Faites bonne impression !

Créé dans les années 1960, le laboratoire Polymères du CERN (au sein de la section TE-MSC-MDT) relève, aujourd’hui encore, de multiples et complexes défis techniques. Grâce à une nouvelle imprimante de prototypage 3D, il produit désormais des pièces fonctionnelles directement utilisées dans nos accélérateurs.

 

Photo 1 : Cette pièce en résine transparente, produite grâce à la nouvelle imprimante de prototypage 3D, est destinée à maintenir et isoler électriquement une antenne RF en cuivre telle que celle montrée en bas à droite. Le fin « grillage » transparent qui borde la pièce est un support de construction. Celui-ci est produit en même temps que la pièce et permet de la soutenir pendant l’impression.

Au CERN, le laboratoire Polymères est sans doute l’un des plus polyvalents. Que vous ayez besoin d’une pièce isolante électriquement, de supports pour des cristaux scintillateurs, d’écarteurs de bobines ou de distributeurs de fibres optiques, la résine est probablement l’une des solutions.
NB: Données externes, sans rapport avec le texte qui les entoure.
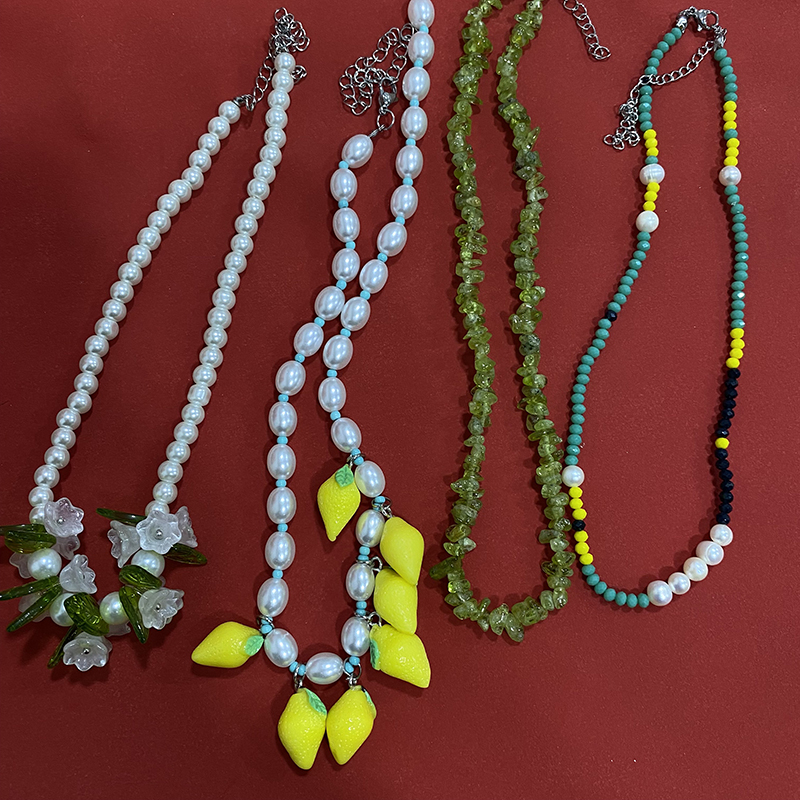 彩色串珠珍珠花朵笑脸项链冷淡风辣妹锁骨链夏天甜酷短款项链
À base d’époxy, de silicone ou de polyuréthane, les nombreuses résines disponibles au laboratoire Polymères présentent diverses caractéristiques qui répondent à différents besoins : collage ultra fiable, moulage, isolation électrique, résistance aux températures cryogéniques ou aux radiations.

À cela s’ajoute la magie de l’impression 3D, grâce à laquelle tout ou presque devient possible. Acquise récemment, l’imprimante de prototypage 3D du laboratoire permet désormais de répondre à près de 70 % des requêtes pour ce type de technologie. Son principe repose sur la polymérisation par laser d’une résine liquide (voir encadré). Au CERN, trois résines sont actuellement disponibles pour ce type d’impression : la blanche, très flexible et de moindre coût ; la transparente, plus résistante (voir photo 1) ; et la bleue, résine composite contenant des particules de céramique particulièrement résistantes aux températures extrêmes et aux radiations, mais plus onéreuse (voir photo 2). Polymérisée couche par couche suivant un modèle numérique 3D élaboré au préalable sur un logiciel dédié, la résine prend la forme désirée avec une précision pouvant atteindre 0,01 mm (suivant le polymère utilisé et le temps de réalisation). « Le grand avantage de cette machine est qu’elle permet de mettre au point des pièces fonctionnelles aux caractéristiques mécaniques rigoureuses, indique Marco Goncalves Lopes, ingénieur en matériaux au laboratoire Polymères, rattaché à la Fondation portugaise pour la science et la technologie. Le laboratoire possède une autre imprimante 3D, qui procède par collage de fines couches de polymère en poudre. Cette dernière, utile pour étudier la forme de certains prototypes, ne permet cependant pas la production de pièces fonctionnelles. »

Photo 2 : Cet élément (en bleu), produit pour un test de bobinage, a été réalisé avec la résine la plus résistante actuellement disponible au laboratoire Polymères.

Si la vocation du laboratoire Polymères n’est pas la production à grande échelle, tous les moyens sont mis en œuvre pour répondre à chaque besoin. « Dans certains cas, nous travaillons au développement de techniques particulières avec des industriels ou d’autres laboratoires, explique Paolo Fessia, responsable de l’achat de la nouvelle imprimante de prototypage 3D. Généralement, nous élaborons les prototypes en interne, comme nous l’avons fait par exemple pour des entretoises conçues pour des tests de bobinage réalisés en parallèle au CERN et à  Fermilab (voir photo 2) dans le cadre d’un partenariat pour le projet HL-LHC. Bien sûr, nous sommes avant tout à la disposition des Cernois pour la production de pièces en urgence, ou pour le dépannage de certaines machines. » Au quotidien, plusieurs départements (notamment PH, EN et TE) et groupes du CERN travaillent avec le laboratoire Polymères pour résoudre des problématiques toujours plus pointues.
 

La photopolymérisation

Ce procédé de prototypage, développé dès les années 1980, s’appuie sur les propriétés qu’ont certaines résines à se polymériser, c’est-à-dire à se transformer en polymère solide, sous l’effet de la lumière et de la chaleur. La résine utilisée pour l’impression de prototypage 3D comporte un photoinitiateur, qui a pour rôle d’initier le processus de polymérisation sous l’effet de la lumière du laser.